1. A tubing hanger sealing system comprising: a substantially cylindrical tubing head having a flange at each end, a substantially vertical longitudinal bore therethrough and a groove in the upper portion of the inside diameter of said substantially vertical longitudinal bore; a substantially cylindrical tubing hanger with a longitudinal bore therethrough for communicating with a tubing string, said substantially cylindrical tubing hanger having a partially threaded upper portion with a plurality of anti-rotational knobs and a larger diameter lower portion, said upper and lower portions being separated by an outwardly sloping shoulder; a substantially cylindrical drive sleeve having threads on the lower inside portion thereof, said drive sleeve constructed and arranged to engage, in a threaded relationship, with said tubing hanger, said substantially cylindrical drive sleeve further having a larger upper outside diameter and a smaller lower, outside diameter, said outside diameters being separated by an inwardly slopping shoulder; a substantially circular load ring having a smaller upper inside diameter and a larger lower inside diameter, said diameters separated by an inverted shoulder, said inverted shoulder having a plurality of slots on the underside thereof, said slots constructed and arranged to engage said anti- rotational knobs on said lower diameter of said tubing hanger; a metal sealing ring having an inner surface, said inner surface defining a downward facing wedge and further defining an annular groove in the outer surface to form an upper and lower annular sealing surface; a split ring constructed and arranged to fit into said groove in the upper portion of said inside diameter of said tubing head, the outside diameter of said ring having an upper shoulder and a lower inverted shoulder corresponding to the inverted top shoulder and the lower shoulder of said groove; a bearing ring attached to the top of said load ring to reduce friction between said substantially circular load ring and said drive sleeve.

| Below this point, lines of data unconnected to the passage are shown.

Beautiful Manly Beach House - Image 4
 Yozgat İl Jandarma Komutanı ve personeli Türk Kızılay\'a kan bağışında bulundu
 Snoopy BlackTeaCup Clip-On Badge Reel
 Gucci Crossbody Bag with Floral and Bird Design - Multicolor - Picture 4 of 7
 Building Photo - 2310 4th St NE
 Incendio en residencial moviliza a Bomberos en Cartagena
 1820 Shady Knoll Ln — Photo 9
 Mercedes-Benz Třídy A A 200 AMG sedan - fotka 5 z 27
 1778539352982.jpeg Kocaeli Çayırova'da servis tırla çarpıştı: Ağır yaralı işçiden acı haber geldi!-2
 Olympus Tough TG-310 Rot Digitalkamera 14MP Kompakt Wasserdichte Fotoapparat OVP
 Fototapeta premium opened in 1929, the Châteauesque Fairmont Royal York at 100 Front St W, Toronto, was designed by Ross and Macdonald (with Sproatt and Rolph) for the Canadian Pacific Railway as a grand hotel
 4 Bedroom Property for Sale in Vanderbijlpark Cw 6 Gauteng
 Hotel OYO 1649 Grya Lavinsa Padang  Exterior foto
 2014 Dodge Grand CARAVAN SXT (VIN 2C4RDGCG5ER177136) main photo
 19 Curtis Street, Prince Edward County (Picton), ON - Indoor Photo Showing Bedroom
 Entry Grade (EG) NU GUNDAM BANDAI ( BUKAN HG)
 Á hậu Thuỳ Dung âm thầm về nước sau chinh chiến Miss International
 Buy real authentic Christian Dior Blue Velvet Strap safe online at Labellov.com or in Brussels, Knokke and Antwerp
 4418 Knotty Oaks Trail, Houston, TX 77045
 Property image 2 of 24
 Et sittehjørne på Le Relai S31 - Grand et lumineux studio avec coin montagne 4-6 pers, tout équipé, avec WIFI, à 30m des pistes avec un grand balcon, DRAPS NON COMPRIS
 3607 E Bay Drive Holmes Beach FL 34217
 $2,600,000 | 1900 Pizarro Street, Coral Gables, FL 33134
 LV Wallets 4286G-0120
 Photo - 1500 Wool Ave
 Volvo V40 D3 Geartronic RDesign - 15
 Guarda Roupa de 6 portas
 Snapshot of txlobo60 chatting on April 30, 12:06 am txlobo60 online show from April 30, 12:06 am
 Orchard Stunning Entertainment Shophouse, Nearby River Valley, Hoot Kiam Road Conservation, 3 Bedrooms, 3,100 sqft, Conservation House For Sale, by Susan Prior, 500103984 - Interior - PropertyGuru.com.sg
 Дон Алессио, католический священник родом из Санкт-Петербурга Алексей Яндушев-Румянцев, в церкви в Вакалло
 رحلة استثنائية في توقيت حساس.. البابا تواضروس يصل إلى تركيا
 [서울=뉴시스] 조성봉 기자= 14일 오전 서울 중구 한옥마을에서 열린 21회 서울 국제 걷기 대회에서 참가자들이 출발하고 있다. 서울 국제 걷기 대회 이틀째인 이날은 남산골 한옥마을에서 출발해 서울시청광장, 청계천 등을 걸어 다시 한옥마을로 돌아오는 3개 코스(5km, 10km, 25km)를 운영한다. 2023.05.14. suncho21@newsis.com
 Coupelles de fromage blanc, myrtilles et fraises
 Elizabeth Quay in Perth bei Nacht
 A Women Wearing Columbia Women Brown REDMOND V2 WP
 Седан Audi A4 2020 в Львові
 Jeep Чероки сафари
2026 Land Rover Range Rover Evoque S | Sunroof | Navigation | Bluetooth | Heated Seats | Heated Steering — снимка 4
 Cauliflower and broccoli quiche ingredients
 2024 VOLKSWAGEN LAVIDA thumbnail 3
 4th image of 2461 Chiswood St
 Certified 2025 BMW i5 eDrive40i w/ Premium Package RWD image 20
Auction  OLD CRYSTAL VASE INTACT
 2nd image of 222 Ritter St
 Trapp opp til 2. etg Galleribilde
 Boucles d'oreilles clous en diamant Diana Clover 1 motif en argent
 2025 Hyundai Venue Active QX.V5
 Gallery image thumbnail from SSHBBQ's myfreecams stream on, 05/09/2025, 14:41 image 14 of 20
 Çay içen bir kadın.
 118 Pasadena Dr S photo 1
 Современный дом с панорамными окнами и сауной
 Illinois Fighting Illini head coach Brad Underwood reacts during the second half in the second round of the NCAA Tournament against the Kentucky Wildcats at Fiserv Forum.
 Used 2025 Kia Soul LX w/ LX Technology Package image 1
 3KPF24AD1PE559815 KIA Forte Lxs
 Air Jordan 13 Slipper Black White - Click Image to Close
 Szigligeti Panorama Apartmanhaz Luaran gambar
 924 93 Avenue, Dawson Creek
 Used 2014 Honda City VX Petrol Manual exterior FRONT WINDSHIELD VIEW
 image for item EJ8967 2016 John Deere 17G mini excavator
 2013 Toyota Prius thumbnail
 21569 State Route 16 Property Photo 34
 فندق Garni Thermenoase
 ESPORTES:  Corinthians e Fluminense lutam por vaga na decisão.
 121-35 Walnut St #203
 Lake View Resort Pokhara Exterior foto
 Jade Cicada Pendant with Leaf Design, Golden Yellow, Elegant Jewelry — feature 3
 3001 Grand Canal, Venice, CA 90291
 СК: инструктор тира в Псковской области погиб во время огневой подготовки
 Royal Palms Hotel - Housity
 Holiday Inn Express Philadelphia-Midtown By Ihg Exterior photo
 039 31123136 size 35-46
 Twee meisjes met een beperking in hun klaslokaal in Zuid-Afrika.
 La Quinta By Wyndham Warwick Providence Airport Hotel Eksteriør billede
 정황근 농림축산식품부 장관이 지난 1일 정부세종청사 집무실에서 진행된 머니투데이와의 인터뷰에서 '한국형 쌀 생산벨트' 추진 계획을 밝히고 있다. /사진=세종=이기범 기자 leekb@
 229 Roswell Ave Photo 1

2. The tubing hanger sealing assembly as defined in claim 1 wherein said cylindrical drive sleeve includes a J- slot around its upper perimeter, said J-slots constructed and arranged to allow engagement with a removable energizing tool.

3. The tubing hanger sealing assembly as defined in Claim 1 wherein said cylindrical drive sleeve includes a larger upper diameter and a smaller lower diameter, said larger and smaller diameters being separated by two inwardly sloping shoulders.

4. A method of installing a tubing hanger sealing system comprising the steps of: lowering a running tool into the tubing head; engaging the drive sleeve with said running tool; rotating said running tool until the sleeve exerts a desired amount of force on the split ring driving it into said notch in the upper portion of said inside diameter of said tubing head and engaging said bearing ring which exerts a downward force on said metal seal; disengaging said running tool from said drive sleeve, and extracting said running tool.